# iCade via Bluetooth



## StuBeeMe (Nov 30, 2011)

The icade is an arcade cabinet that talks to your tablet via Bluetooth for external joystick controls. (utilizing imame4droid from android market)
This setup works fine on my Android Asus Transformer. (although it's size doesn't quite fit properly in the cabinet).

For the Touchpad, I cannot get the bluetooth to pair. Apparently the method of bluetooth pairing uses a challenge response method where the tablet displays the correct passcode to enter on the icade. The touchpad/android doesn't provide this passcode on the screen...and the default 0000 or 1234 don't work.

Any ideas?


----------



## Aganar (Oct 29, 2011)

Crap; that's gonna suck if it doesn't work on the TP, considering I already bought one for x-mas.

Someone said there was no problem getting it to work on webOS, though.
http://www.webosroundup.com/2011/07/hps-ben-combee-discovers-fun-way-to-play-paratrooper-hd-on-touchpad-fun-stuff/


----------



## StuBeeMe (Nov 30, 2011)

I don't think it's a hardware issue (hence why it works on webos).
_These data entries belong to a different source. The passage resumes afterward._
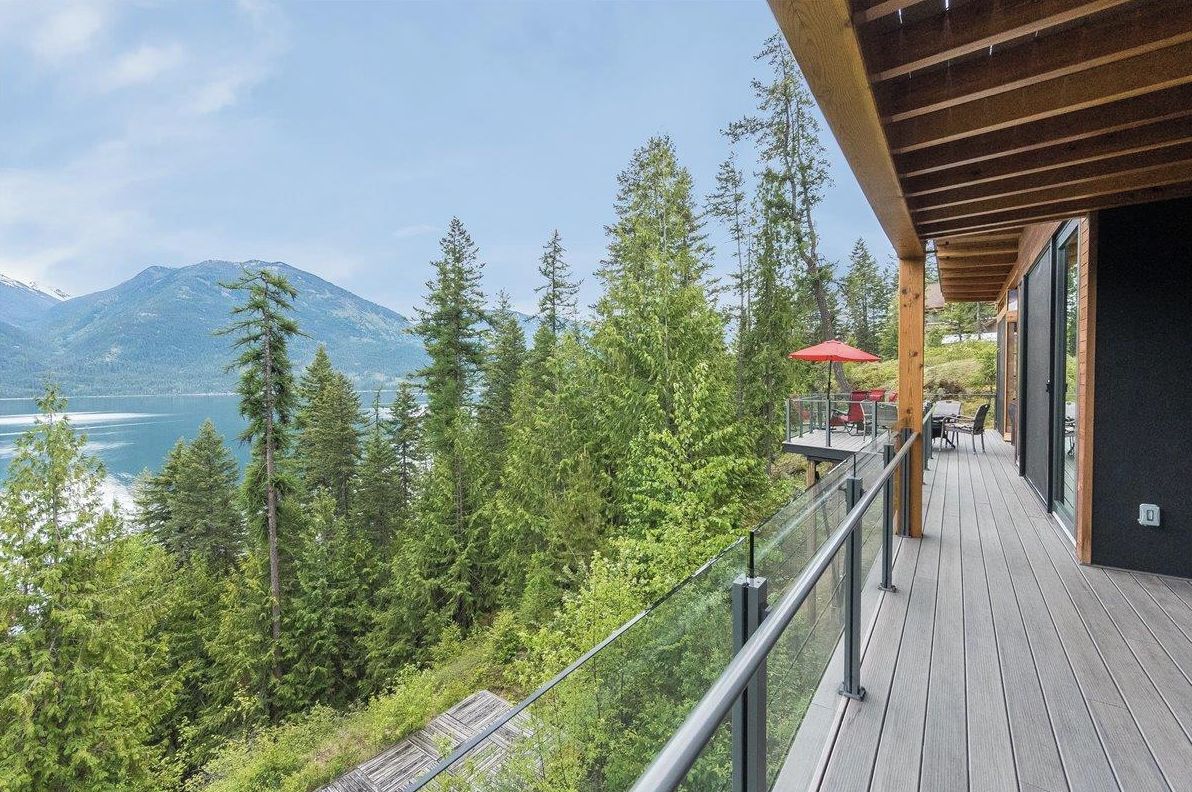 Eine Holzterrasse mit Glastrennwand, die auf einen See und bewaldete Berge blickt.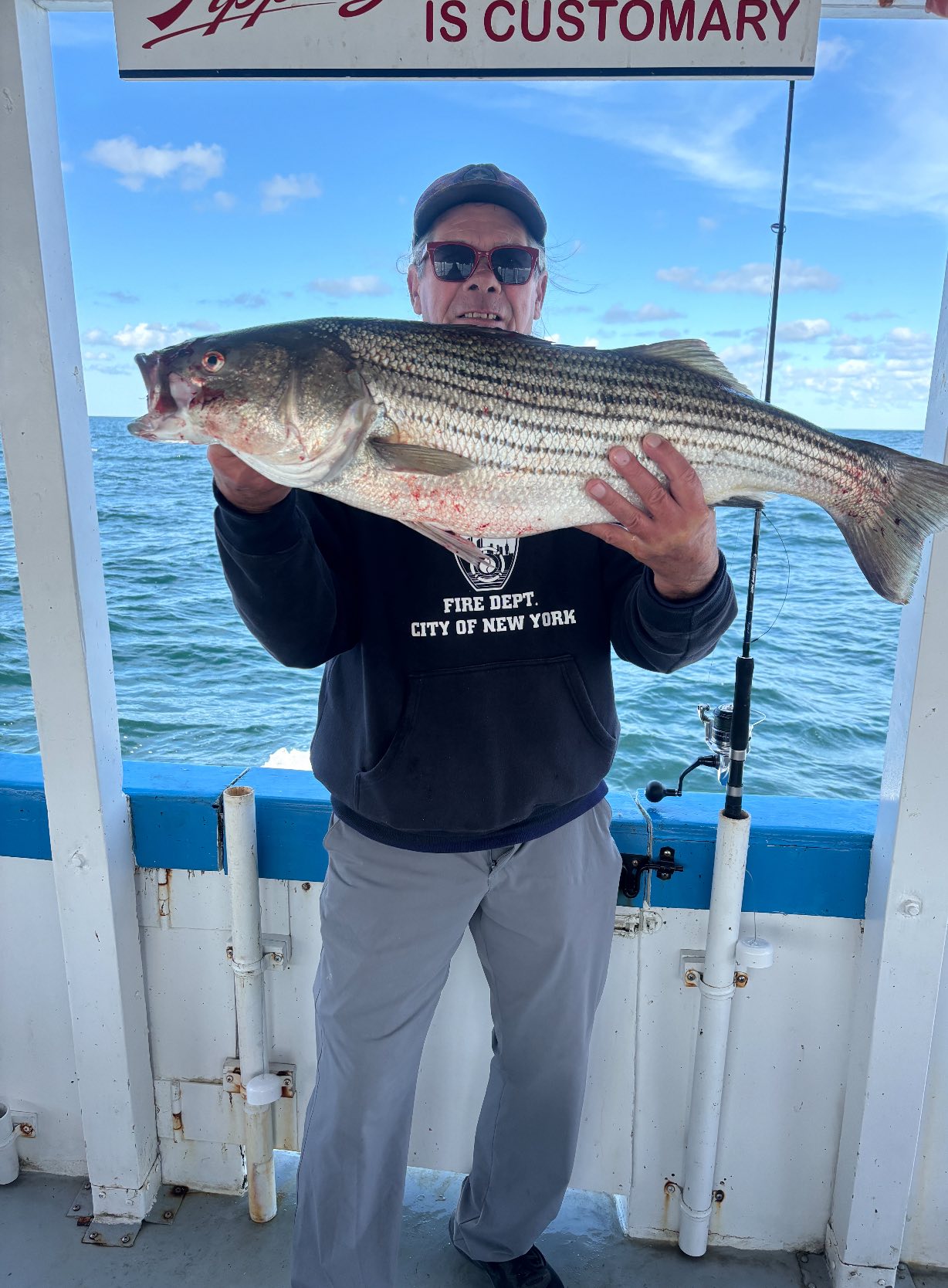 A person fishing for a striped bass in MA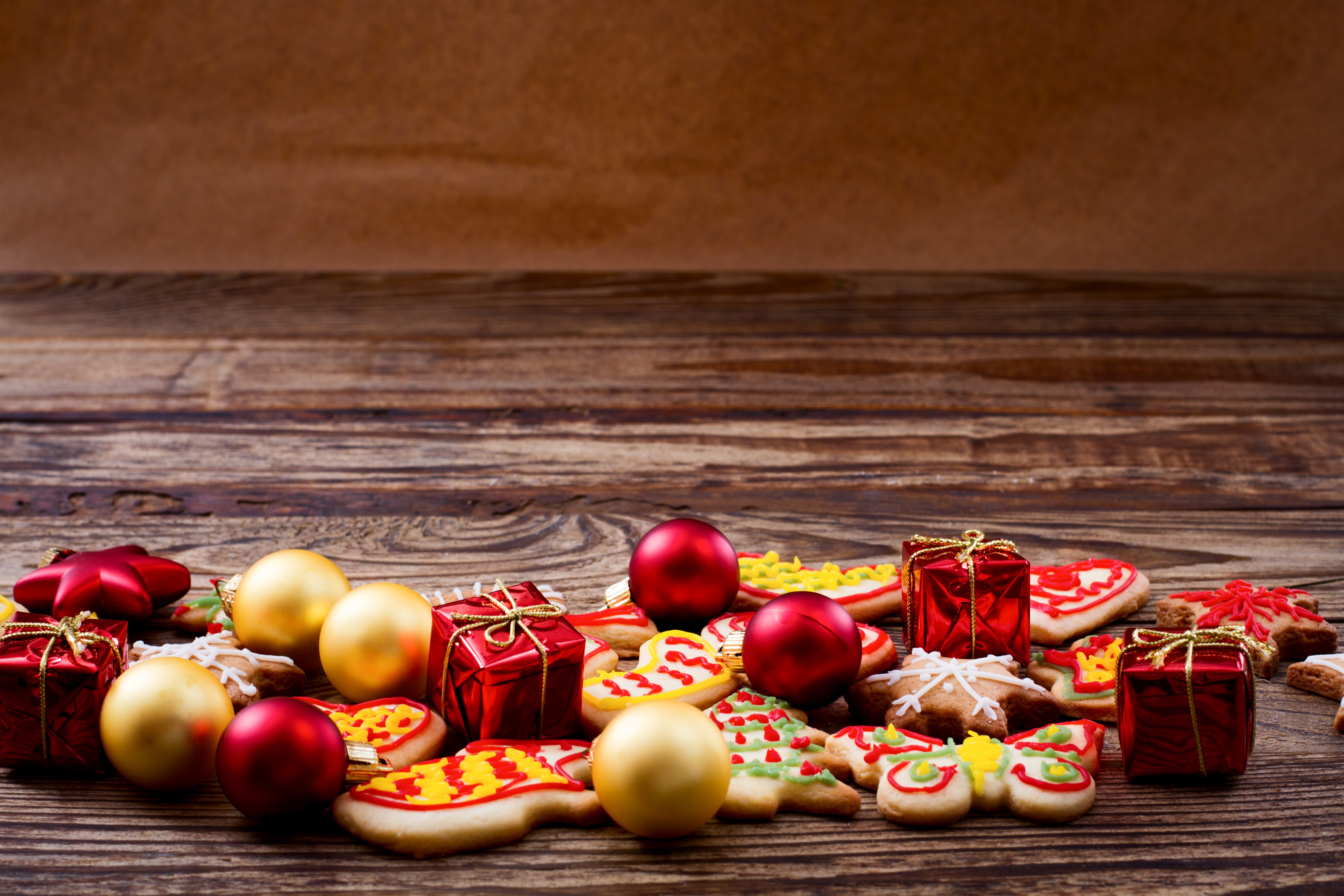 Christmas cookies and ornaments on wooden table HD Wallpaper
The iCade seems to require Bluetooth SSP/Passkey Entry support. I'm guessing it's supported in Android 2.x and higher (eclair) but the touchpad version of android is missing an essential part of the bluetooth driver.

Thats my guess from googling around.....although if anyone else has paired the Android Touchpad with a Bluetooth device that provides the passcode on the screen for you then to enter, please let me know.


----------